The United Nations Human Rights Council held a special session on Côte d’Ivoire in Geneva on 23 December 2010, during which the US Secretary of State Hillary Clinton made a speech and the High Commissioner on Human Rights Navi Pillay strongly condemned the human rights violations committed in Côte d’Ivoire. The Office of the Prosecutor of the International Criminal Court (ICC) has also voiced its concerns about the situation.
Most of the violence reported to date is carried out during night raids led by the security forces and other groups in the neighbourhoods of Abidjan that are considered to be predominantly populated by Ouattara’s supporters. Human rights organisations have noted a series of kidnappings under similar circumstances. The victims of these kidnappings were declared missing or were found dead.[6] Coulibaly confirmed this stating: ‘Acquaintances of ours have been kidnapped.’ According to Sophie, these are ‘raids that are violent, ethnic-based and politically motivated, targeted against individuals or groups of people whose neighbours have informed on them. The perpetrators are mercenaries who are paid to commit these murders.’
According to independent sources, human rights and women’s rights activists are living in a state of constant anxiety with respect to their safety. An experienced civil society advocate, who requested to remain anonymous, told IRIN: ‘I have been in hiding ever since being threatened over two weeks ago. Sometimes, it looks as though the situation is about to calm down. This is often the impression in the daytime, but one never knows what will happen once night falls.’[7] Toure confirmed: ‘We are working within a context of fear. We are truly sad about what is happening in our country. We cannot carry out our work openly for fear of reprisals. In spite of this, we are working, relying on God, and hoping that our country will rapidly overcome this situation.’ Coulibaly stated: ‘As a representative of the Democracy and Human Rights Fund (FDDH), I do not feel safe.’
IMPACT OF THE CRISIS ON WORK ON WOMEN’S RIGHTS
The punitive sanctions imposed on Côte d'Ivoire have had a very negative impact on non-governmental organisations that depend mainly on international funds for their survival. Toure explained that most of their financial partners in the United Nations system and the World Bank have closed their offices, which has in turn forced the NGOs to suspend most of their activities. Furthermore, due to political instability, it is increasingly difficult to operate as normal. Coulibaly stated: ‘Nothing is sure. We have to tailor our plans according to how events evolve. We are afraid to go to work and sometimes we receive information or hear rumours that cause us to stay away from work.’
OTHER RAMIFICATIONS OF THE CRISIS: THE WIDENING OF THE DIVISION
The riots that broke out in September 2002 in Côte d’Ivoire divided the country between the south, run by the Gbagbo government, and the north, controlled by rebel forces led by Guillaume Soro, the current prime minister in the Ouattara administration. However, in 2008, after signing the Ouagadougou Agreement, the country began a reunification process, which led to the consensual organisation of the recent presidential elections.

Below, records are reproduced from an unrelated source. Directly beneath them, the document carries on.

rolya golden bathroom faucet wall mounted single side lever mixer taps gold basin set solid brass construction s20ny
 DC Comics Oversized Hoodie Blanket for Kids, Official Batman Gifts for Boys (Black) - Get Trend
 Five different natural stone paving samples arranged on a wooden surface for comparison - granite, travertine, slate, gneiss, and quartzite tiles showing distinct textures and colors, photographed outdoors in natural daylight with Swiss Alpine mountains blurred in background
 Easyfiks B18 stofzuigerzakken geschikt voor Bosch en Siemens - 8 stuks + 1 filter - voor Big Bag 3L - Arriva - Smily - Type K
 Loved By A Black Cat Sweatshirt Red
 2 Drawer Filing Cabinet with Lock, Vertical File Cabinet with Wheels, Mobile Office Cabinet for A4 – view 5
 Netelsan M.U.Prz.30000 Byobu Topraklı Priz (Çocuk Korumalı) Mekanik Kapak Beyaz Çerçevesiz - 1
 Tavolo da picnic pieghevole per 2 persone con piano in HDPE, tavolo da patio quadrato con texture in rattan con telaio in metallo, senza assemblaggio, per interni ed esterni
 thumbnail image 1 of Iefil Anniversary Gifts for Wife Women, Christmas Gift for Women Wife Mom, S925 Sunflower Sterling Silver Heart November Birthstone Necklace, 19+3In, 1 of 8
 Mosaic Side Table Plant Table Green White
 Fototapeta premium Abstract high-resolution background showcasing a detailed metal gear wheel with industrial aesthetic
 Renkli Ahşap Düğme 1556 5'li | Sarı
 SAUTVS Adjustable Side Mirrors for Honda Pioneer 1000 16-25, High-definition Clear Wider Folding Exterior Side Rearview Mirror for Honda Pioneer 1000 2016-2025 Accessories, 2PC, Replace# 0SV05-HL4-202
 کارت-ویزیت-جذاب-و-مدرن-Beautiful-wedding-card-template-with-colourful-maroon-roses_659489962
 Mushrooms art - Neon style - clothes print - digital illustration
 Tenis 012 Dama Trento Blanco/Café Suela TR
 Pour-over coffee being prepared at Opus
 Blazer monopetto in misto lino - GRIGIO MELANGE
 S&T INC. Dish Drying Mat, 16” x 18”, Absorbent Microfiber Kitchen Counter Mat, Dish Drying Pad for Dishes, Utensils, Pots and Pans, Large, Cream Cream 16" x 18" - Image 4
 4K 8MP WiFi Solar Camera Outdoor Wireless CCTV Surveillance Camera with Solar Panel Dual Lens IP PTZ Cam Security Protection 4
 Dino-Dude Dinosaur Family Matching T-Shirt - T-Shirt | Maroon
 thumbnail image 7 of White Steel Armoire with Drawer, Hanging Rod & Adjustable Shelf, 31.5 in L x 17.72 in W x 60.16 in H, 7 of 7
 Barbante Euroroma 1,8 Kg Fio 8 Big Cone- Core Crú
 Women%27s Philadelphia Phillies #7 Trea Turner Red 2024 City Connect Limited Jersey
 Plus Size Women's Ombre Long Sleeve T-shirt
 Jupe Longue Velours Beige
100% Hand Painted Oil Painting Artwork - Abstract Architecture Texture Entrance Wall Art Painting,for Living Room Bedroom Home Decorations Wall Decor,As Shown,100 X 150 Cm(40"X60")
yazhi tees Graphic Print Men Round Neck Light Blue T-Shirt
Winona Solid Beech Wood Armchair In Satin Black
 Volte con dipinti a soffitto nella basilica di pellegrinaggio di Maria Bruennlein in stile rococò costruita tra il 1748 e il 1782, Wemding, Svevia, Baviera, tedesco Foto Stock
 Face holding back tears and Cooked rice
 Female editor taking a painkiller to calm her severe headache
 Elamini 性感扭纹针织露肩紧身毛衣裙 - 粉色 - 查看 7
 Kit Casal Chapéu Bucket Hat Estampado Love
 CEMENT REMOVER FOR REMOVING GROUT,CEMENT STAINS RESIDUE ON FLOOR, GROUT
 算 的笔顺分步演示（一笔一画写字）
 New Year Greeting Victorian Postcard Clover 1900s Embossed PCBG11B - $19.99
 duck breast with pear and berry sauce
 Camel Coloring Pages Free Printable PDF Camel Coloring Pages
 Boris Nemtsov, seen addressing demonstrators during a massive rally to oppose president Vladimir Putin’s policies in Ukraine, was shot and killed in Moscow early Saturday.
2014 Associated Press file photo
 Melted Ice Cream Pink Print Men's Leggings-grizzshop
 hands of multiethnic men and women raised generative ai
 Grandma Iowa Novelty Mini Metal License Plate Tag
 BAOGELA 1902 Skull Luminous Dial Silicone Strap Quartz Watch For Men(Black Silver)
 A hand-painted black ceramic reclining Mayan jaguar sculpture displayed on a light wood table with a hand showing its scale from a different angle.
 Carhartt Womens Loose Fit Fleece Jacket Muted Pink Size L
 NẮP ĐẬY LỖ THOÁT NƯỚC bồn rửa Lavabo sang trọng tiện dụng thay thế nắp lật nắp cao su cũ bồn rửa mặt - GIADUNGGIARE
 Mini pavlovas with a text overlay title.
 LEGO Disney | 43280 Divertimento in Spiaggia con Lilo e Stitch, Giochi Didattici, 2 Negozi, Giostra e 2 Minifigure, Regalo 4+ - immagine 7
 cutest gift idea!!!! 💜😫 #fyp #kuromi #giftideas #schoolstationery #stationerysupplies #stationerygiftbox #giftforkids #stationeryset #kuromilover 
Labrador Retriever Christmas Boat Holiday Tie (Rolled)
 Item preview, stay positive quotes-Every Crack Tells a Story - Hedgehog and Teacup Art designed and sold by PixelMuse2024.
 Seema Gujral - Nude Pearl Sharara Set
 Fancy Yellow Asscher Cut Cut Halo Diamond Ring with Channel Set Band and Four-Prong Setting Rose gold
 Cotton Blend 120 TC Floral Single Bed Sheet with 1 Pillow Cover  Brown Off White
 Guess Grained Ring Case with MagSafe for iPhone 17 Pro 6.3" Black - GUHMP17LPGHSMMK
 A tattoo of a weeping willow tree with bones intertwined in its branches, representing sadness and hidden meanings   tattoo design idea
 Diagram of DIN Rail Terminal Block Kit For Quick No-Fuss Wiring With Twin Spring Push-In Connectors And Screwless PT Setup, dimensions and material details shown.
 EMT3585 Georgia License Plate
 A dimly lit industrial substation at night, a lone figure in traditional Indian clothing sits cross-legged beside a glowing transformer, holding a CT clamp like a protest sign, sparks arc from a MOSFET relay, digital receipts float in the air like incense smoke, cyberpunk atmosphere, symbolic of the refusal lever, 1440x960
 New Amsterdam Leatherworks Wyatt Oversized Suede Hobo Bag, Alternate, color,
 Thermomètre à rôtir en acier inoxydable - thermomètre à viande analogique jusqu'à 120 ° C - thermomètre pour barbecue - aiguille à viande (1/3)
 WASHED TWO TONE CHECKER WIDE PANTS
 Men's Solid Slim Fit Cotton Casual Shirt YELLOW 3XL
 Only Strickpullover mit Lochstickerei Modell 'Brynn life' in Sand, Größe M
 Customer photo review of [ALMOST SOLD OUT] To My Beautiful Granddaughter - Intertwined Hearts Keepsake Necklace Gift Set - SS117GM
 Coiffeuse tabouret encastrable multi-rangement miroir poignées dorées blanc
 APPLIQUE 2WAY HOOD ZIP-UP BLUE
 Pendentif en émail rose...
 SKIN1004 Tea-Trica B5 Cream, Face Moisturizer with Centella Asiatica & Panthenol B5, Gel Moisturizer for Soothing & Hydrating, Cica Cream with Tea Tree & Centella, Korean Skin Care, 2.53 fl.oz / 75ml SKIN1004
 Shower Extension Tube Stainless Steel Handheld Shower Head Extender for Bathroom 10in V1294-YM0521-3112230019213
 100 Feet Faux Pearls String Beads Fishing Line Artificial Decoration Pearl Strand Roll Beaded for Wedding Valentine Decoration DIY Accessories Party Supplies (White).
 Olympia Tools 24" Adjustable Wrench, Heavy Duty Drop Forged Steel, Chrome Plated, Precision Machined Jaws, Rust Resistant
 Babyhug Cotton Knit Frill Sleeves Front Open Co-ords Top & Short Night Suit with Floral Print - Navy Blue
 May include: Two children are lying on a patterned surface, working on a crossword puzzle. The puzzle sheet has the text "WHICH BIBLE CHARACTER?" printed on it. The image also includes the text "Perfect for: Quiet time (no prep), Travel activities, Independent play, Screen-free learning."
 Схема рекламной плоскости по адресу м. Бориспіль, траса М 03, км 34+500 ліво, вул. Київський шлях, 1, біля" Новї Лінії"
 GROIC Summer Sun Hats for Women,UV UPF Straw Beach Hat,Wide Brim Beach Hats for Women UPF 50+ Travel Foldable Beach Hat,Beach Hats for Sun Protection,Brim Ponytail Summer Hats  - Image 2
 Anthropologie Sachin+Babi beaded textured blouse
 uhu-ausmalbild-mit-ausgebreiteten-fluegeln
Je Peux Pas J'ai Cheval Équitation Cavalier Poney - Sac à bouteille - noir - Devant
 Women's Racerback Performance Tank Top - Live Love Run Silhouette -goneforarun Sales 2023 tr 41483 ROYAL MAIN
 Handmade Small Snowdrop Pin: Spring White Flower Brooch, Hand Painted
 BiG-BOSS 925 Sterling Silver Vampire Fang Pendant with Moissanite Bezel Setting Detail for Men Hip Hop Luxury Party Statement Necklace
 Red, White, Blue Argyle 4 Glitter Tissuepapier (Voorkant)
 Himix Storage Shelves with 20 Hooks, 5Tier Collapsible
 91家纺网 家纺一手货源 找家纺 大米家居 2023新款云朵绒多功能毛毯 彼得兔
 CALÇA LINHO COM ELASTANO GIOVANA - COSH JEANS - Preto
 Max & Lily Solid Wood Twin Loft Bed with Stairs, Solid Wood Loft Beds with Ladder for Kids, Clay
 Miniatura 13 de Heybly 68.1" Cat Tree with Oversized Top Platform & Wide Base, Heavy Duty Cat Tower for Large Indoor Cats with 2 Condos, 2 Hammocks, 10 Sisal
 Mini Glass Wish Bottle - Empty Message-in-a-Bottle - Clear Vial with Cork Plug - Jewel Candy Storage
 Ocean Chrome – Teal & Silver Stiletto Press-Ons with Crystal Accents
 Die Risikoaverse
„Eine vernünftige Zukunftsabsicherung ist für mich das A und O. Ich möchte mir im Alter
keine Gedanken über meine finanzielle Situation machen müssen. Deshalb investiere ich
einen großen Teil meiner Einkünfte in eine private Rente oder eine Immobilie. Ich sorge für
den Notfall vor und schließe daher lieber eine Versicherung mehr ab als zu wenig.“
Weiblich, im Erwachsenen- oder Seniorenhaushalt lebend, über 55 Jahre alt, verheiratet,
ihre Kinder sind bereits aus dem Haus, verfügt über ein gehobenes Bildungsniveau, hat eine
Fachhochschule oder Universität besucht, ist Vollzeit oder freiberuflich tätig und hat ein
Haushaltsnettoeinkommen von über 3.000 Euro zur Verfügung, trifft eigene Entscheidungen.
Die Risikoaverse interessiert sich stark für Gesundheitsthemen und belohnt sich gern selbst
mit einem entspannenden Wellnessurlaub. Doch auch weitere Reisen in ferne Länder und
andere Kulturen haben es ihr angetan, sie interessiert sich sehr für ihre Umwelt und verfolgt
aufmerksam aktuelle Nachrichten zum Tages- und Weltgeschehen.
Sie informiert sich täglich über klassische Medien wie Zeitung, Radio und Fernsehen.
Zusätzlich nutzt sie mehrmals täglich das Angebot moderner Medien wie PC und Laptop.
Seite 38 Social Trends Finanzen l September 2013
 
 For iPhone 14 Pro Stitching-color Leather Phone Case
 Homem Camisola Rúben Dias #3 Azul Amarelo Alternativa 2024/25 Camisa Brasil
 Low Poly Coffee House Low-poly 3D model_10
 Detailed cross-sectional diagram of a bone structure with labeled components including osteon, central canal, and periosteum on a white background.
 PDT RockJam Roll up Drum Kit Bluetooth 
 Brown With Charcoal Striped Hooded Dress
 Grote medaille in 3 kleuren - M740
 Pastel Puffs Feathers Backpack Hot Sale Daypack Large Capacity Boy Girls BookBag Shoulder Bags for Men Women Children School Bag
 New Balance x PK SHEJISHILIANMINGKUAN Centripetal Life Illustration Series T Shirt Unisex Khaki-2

However, some people are afraid that the alliance between Soro and Ouattara will cause a revival of the divisions, and will introduce a religious dimension to the divide. Nonetheless, it should be emphasized that there are different opinions on this subject, as highlighted by Toure. ‘No matter what is being said, the people in Côte d’Ivoire do not promote division,’ she said. ‘It is the politicians who have put us into this situation because of their personal interests. In the south, there are Christians and Muslims, and there are also people from the north, and we live together in harmony, at least those who have understood that division does not suit us, which is most of us. The same is true in the north. Therefore, there is no real division in Côte d’Ivoire, even if this is what they want you to believe. Ivorians have suffered through ten years of crisis. In the end, everyone was tired of this. Our will to leave it behind was shown by the high voter turnout in the elections: 83 per cent in the first round and over 70 per cent in the second round.’ However, Coulibaly does not agree: ‘The division is inevitable. The politicians accuse the people of the north of being rebels. Women are divided in the markets. Some pro-Gbagbo market women tell their pro-Ouattara counterparts to ask their leader to build them their own market.’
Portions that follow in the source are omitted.